[DATA SHOWN Boundary: Start]
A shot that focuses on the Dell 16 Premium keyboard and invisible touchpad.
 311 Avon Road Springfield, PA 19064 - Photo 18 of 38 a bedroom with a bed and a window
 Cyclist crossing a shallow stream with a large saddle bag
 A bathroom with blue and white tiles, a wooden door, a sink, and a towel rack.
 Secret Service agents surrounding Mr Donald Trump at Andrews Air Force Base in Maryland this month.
[DATA SHOWN Boundary: End]
BRIEF –
Please write out, exactly as they appear, the line that contains "Cyclist crossing a" and every line after it up to the end of the entries above, and no others.

ANSWER SECTION –
 Cyclist crossing a shallow stream with a large saddle bag
 A bathroom with blue and white tiles, a wooden door, a sink, and a towel rack.
 Secret Service agents surrounding Mr Donald Trump at Andrews Air Force Base in Maryland this month.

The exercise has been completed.